Everything seems to be happening far quicker these days. More than 60 million tickets were
sold by associates each year on its website. [INAUDIBLE], which is quite remarkably
interested in what your brain is up to, is also France's leading online travel agency. And that's
something French Railway seems quite determined to get into your skulls.

Everyone should know that SNCF also sells airline tickets. We have all the solutions, plane
tickets, car rentals, voyages. Sncf.com is more than just about trains. You'll soon get used to
it. Voyages-sncf.com will take you further than you might have thought.
We asked the head of the SNCF travel agency, [INAUDIBLE], if they haven't gone just a
little bit over the top.
What I'd like to know is what kind of study you conducted and how precisely you conducted
it to establish what people liked or didn't like?

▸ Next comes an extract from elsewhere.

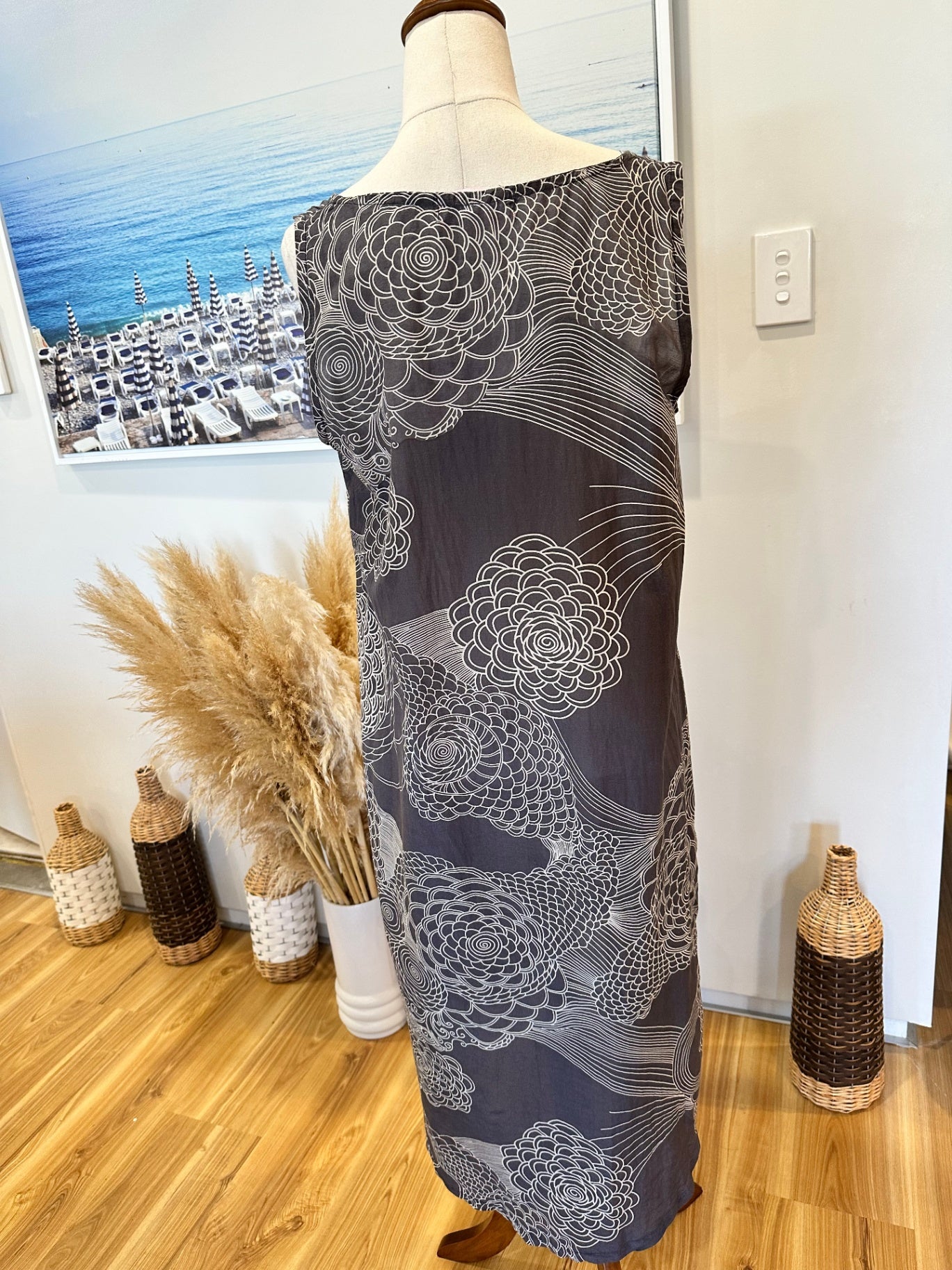 Caravan - Dress - Size: Large - Grey + Cream - 95% Silk + 5% Cotton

Well, first we asked different types of customers because, well, travelsncf.com is a special
site. In a way, it's the site of all the French people. It's a site visited by about 80% of French
internet users.
Well, you'd like to be inside of the customer's head to know exactly how they feel when they
visit your site, wouldn't you?
Well, of course.
Do you use any neuromarketing techniques?
We did actually use some, yes.
Ah, so you did use some?
Yes.
Tell me what you did.
In fact, what we wanted to know was if the customer's brain spontaneously reacted positively
or not to the site.
So you did neuromarketing by placing some of your customers in MRI's to see the reaction in
their brains. Is that right?
I'm not explaining myself well. We know that this technology exists. But it's not a technology
that we use in travelsncf.com.
You've never used it?
No.
Are you sure?
No. I don't think so.
You didn't use it in France or Belgium?
Maybe in Belgium on our site.

Well, we have proof that you used it in Belgium and customers underwent MRI scans. There.

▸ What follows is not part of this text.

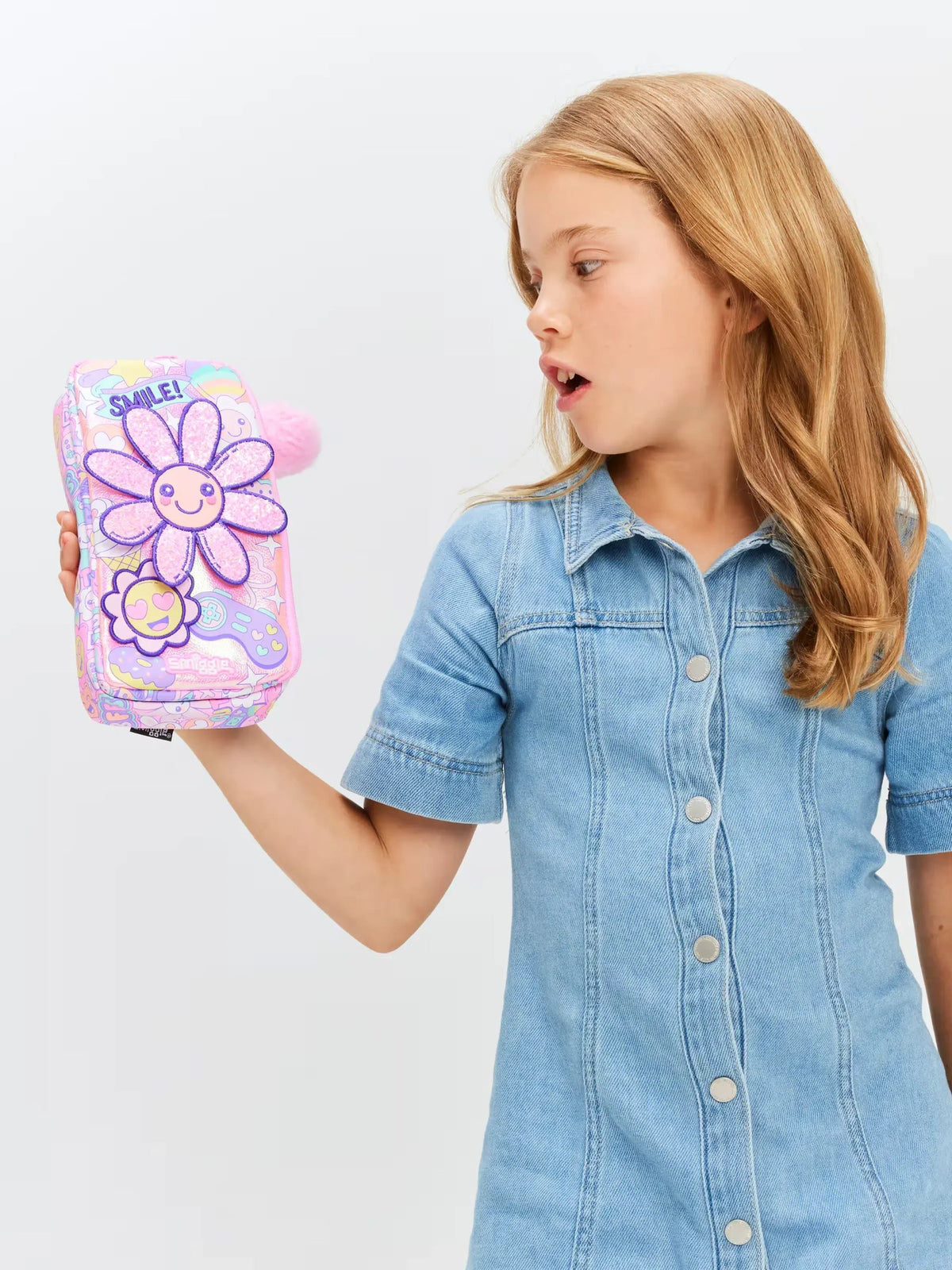 Smiggle - Estuche Portatodo de Bolsillo Personaje Aventuras Épicas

SNCF is written on these documents. So you can see that the SNCF has practiced
neuromarketing and has put its clients in an MRI for their site.
Well, hang on. There are several things here. The technology exists. The question you're
asking is if we used it extensively. And my answer is no. We may have used it experimentally
once. It's possible.
But you agree that there is evidence you used neuromarketing in Belgium, placing people in
MRI's to see their reactions to your site?
It's not impossible there may have been tests in an experiment one day. But in no way do we
want to generalize the use of these methods.
So why did you do it?
Well, listen, we did it because now everyone does it. But we decided not to use it regularly.
I don't think everyone does do it because it's illegal in France. Let me quote you article 1614
of the civil code. I quote, "brain technique can be used only for medical purposes or in
forensic cases." And this is neither one nor the other.
Which is why we don't do it anymore.
Is it a taboo subject in France, apart from being illegal?
I don't know. It's the first time anyone's ever asked me about it.
You mean the first time a journalist has asked you about it because the topic was started by
someone. So they must have told you about it.
No, of course. But, again, it's extremely marginal. I don't want our viewers to think that it's a
widespread practice. That is not the case.
But my question is, is it taboo?
I don't know what to tell you. I don't know. I don't know what to tell you.
OK. Thank you.
Consumers, do not be afraid. The neuromarketing experts are working on your behalf for a
better world, a world where hamburger chains put a smile on your children's faces, where
bankers know how to soothe your anxieties, and where beauty creams fill you with desire. No
matter what the product, tomorrow, you will be satisfied by simply just opening your wallets.